Recebimento de verbas sucumbenciais pela Defensoria Pública após a Emenda Constitucional 80/2014

24/06/2015

Por Leandro Fabris Neto e Juliano Botelho de Araújo - 24/06/2015

A Emenda Constitucional nº 80/2014 foi um grande passo rumo ao fortalecimento da Defensoria Pública. Contudo, ao estipular que se aplica à Defensoria Pública, “no que couber”, o disposto no artigo 93 e no inciso II do artigo 96, ambos da Constituição da República, a norma prevista no art. 134, §4º possibilita interpretações equivocadas, motivadas por subjetivismos e desprovidas de critérios de integridade e coerência.

Um exemplo pode ser encontrado em decisão proferida pelo Tribunal de Justiça de Mato Grosso, o qual, debruçando-se sobre a questão do cabimento de recebimento de verbas sucumbenciais pela Defensoria Pública, assim decidiu:

AGRAVO REGIMENTAL — APELAÇÃO/REEXAME NECESSÁRIO PROVIMENTO PARCIAL — DECISÃO UNIPESSOAL DO RELATOR — DEFENSORIA PÚBLICA — HONORÁRIOS ADVOCATÍCIOS PAGAMENTO PELO MUNICÍPIO — IMPOSSIBILIDADE — EMENDA CONSTITUCIONAL Nº 80/2014.

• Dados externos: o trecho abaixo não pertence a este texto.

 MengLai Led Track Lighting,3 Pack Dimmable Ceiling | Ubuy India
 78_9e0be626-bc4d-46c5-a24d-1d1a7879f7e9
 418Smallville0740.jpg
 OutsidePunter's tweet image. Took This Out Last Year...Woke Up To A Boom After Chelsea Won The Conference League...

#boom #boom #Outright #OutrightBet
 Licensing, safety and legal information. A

A Emenda Constitucional nº 80, de 4 de junho de 2014, conferiu as mesmas prerrogativas da Magistratura à Defensoria Pública, assim incabível receber honorários advocatícios do Município, logo é de se manter decisão unipessoal do Relator que os excluiu.

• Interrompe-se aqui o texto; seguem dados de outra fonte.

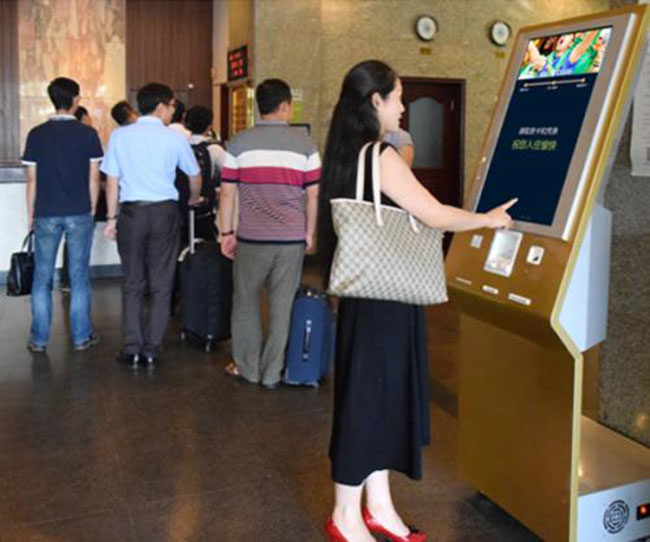 夜夜爽日日澡人人添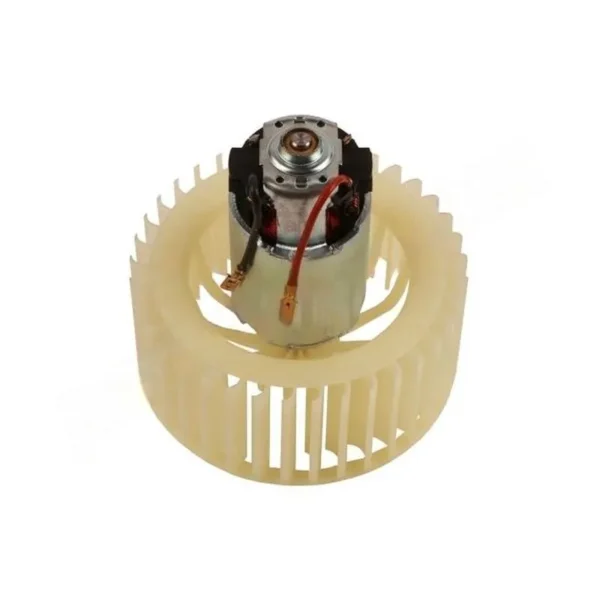 69401274 blower motor assembly for FIAT TEMPRA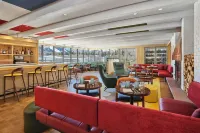 Aspen Meadows Resort - bar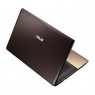 90NB00D1-M02720 - ASUS_ - Notebook ASUS K75VJ-TY210H ASUS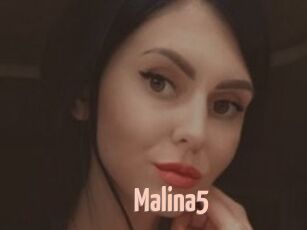 Malina5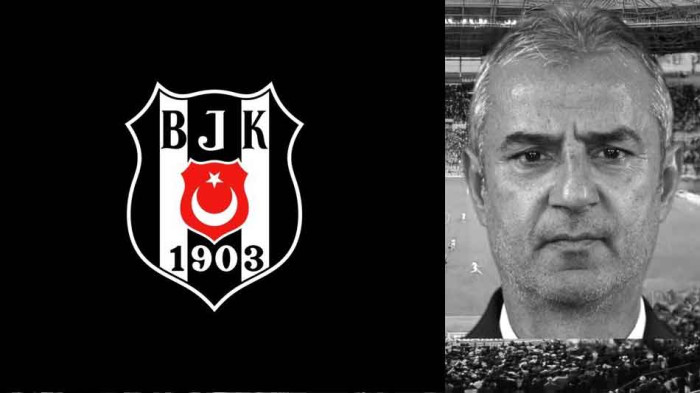 Beşiktaş'ta ''Kartal'' bombası!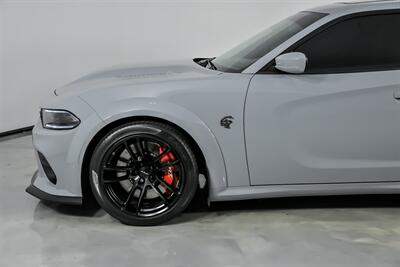 2022 Dodge Charger SRT Hellcat Redeye Jailbreak-OVER $30K MODS   - Photo 7 - Joliet, IL 60435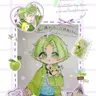 Profile image of シヴァ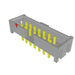 STMM-107-01-G-D - Samtec Inc.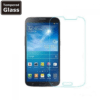 Tempered Glass For Samsung Mega 6.3 I9200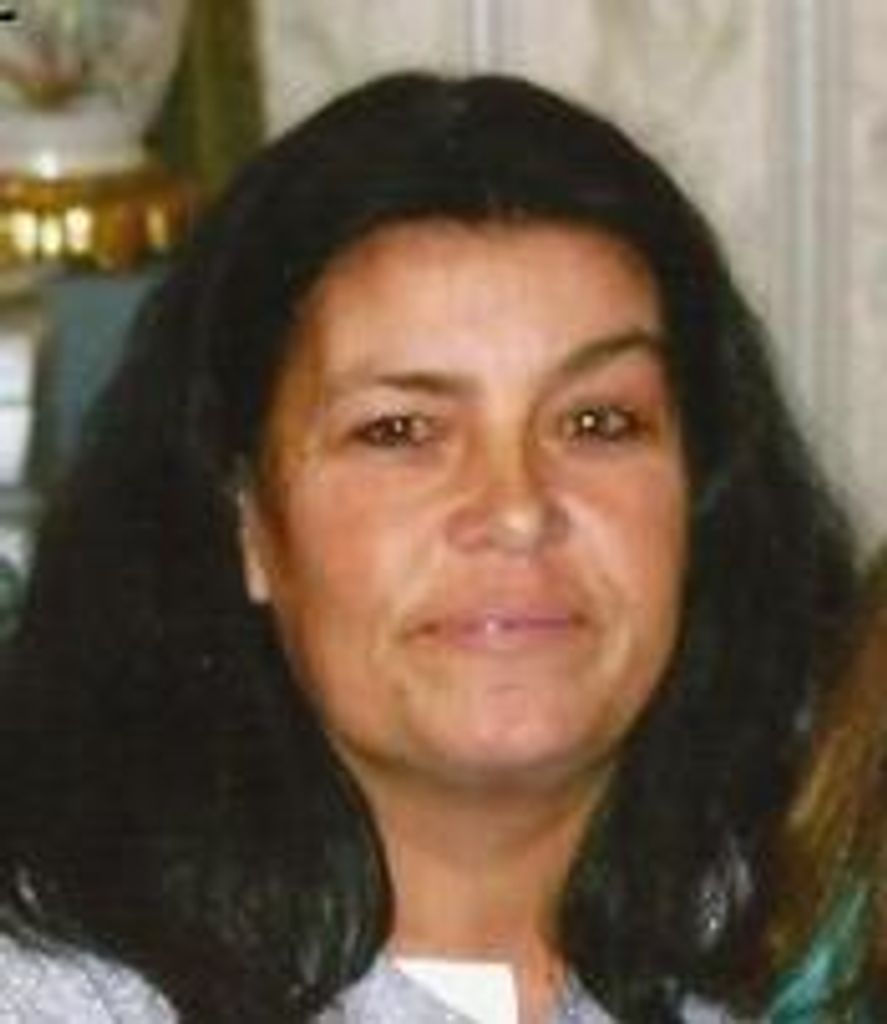 Brenda Wyant Profile Photo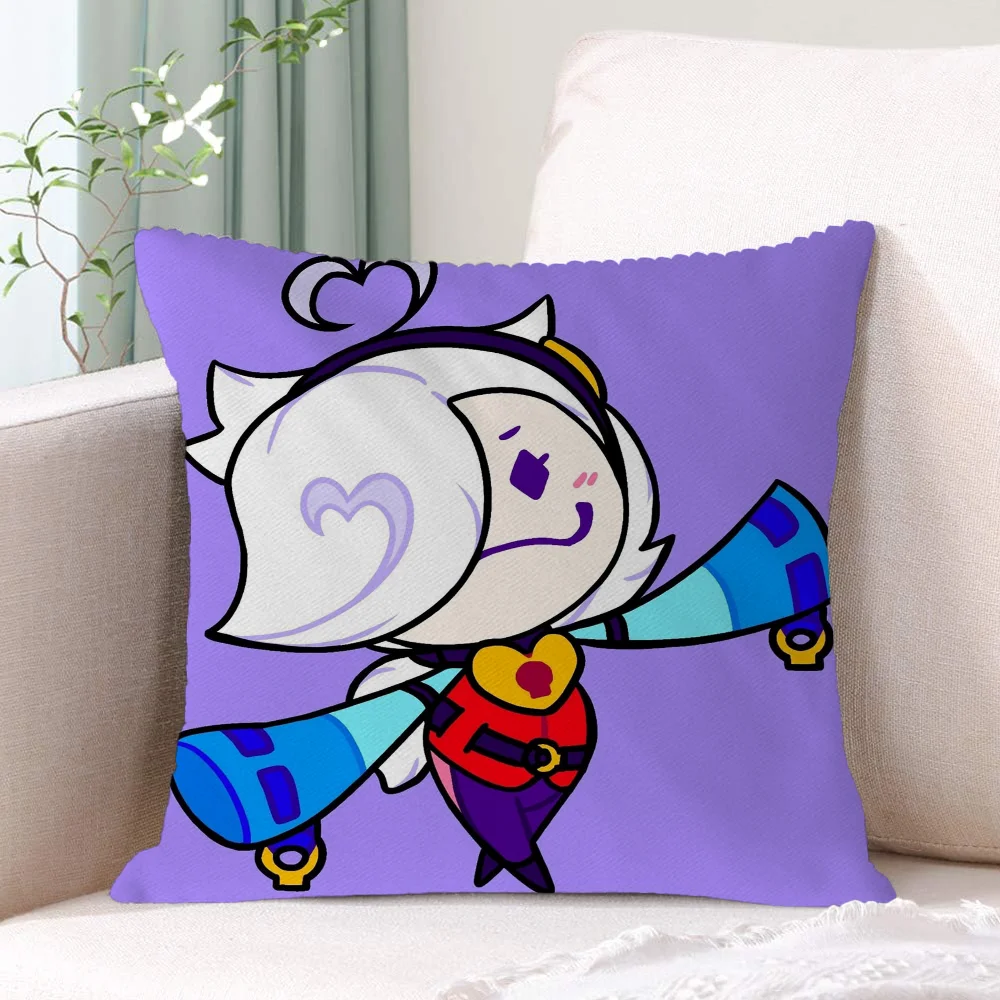 Декоративные подушки для дивана чехол персонализированные подарки подушка дома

Recurso não provido”. (AgR, 168178/2014, DES.LUIZ CARLOS DA COSTA, QUARTA CÂMARA CÍVEL, Data do Julgamento 16/12/2014, Data da publicação no DJE 22/12/2014)

A relevância da interpretação constitucional é mais elevada do que em outros ramos jurídicos, devido à estrutura material e normativa da Constituição, exigindo métodos próprios para a busca do sentido das normas constitucionais.

Como bem remarca Inocêncio Mártires Coelho, as normas "nem sequer traduzem decisões inequívocas do legislador, muito menos uma suposta ou imaginária vontade da própria Constituição – limitando-se, no mais das vezes, a enunciar princípios ou a indicar objetivos a serem comunitariamente alcançados e/ou renovados ao longo do tempo”. (Interpretação constitucional., 4º Ed., Saraiva, 2011. P. 40 e 61).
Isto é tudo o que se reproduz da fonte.